Image: NASA Satellite Imagery Keeping Eye on the Gulf Oil Spill
The Moderate Resolution Imaging Spectroradiometer (MODIS) instrument on NASA’s Terra satellite captured a natural-color image. The oil slick appeared as a tangle of dull gray on the ocean surface, made visible to the satellite sensor by the sun’s reflection on the ocean surface. On May 1, most of the oil slick was southeast of the Mississippi Delta.
On Sunday, May 2, NOAA restricted fishing in federal waters of the Gulf of Mexico from the mouth of the Mississippi to Pensacola Bay for at least ten days.
The inset image was captured by the highest-resolution instrument aboard NASA's Terra spacecraft, the Advanced Spaceborne Thermal Emission and Reflection Radiometer (ASTER).
On April 20, 2010, an explosion destroyed the Deepwater Horizon oil platform operating in the Gulf of Mexico 80 kilometers (50 miles) offshore, resulting in substantial loss of life and releasing 5,000 barrels of oil per day into the water.
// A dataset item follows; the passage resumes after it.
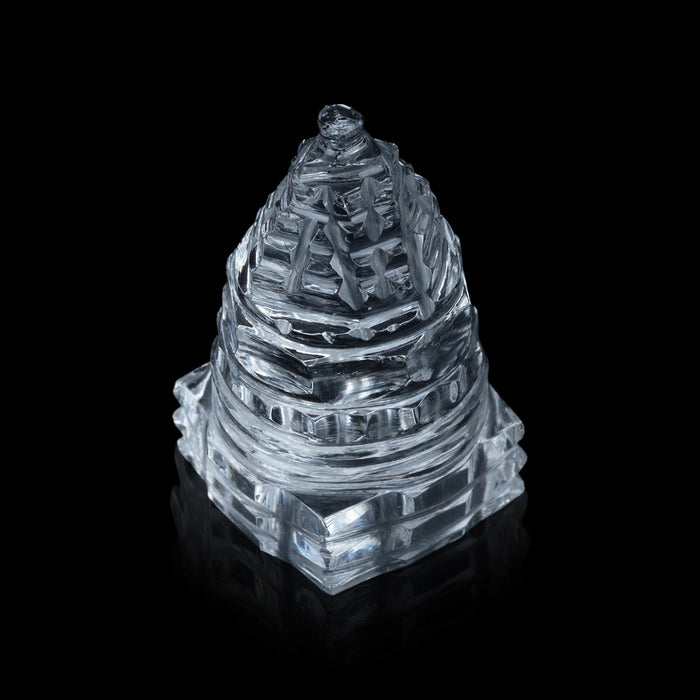 Sphatik Shree Yantra - 1.25 x 0.5 Inches | Maha Meru Yantra / Spatik Sri Chakra Yantra for Pooja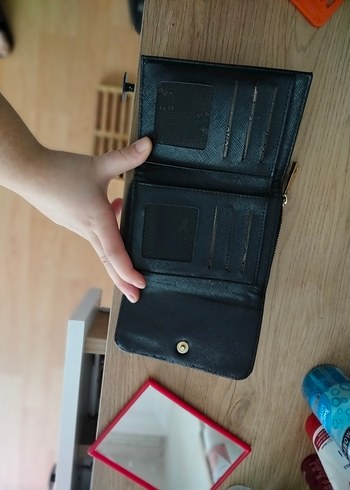 Siyah Deri Fermuarlı Kadın Cüzdanı - Görsel 3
The huge oil slick was being carried towards the Mississippi River Delta, and was expected to reach the Louisiana, Alabama, and Mississippi shores as early as Monday, May 3.
The ASTER image is located at 29.0 degrees north latitude, 88.3 degrees west longitude and covers an area measuring 79.1 by 103.9 kilometers (49 by 64.4 miles), about 32 kilometers (20 miles) west of the mouth of the Mississippi River delta. No land is visible in the image.
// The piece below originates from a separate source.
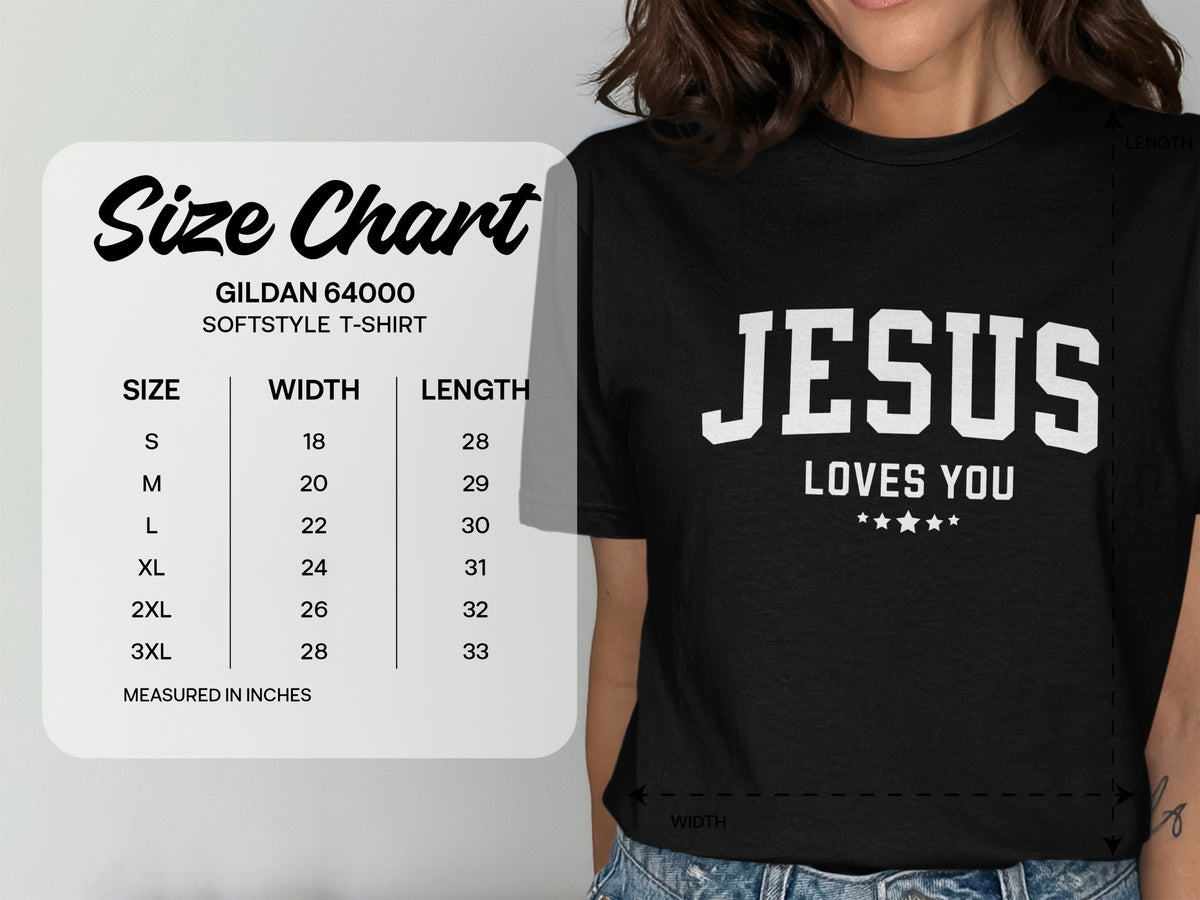 Size chart for Gildan 64000 Softstyle T-Shirt with sizes S-3XL.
The varying shades of white in the image reflect different thicknesses of oil (the whiter, the thicker the oil). The source of the oil spill is visible as the bright white area in the bottom center of the image. The thickest part of the spill extends vertically from it, appearing somewhat like the ash plume of an erupting volcano. The wispy patterns of the oil spill reflect the transport of the oil by waves and currents.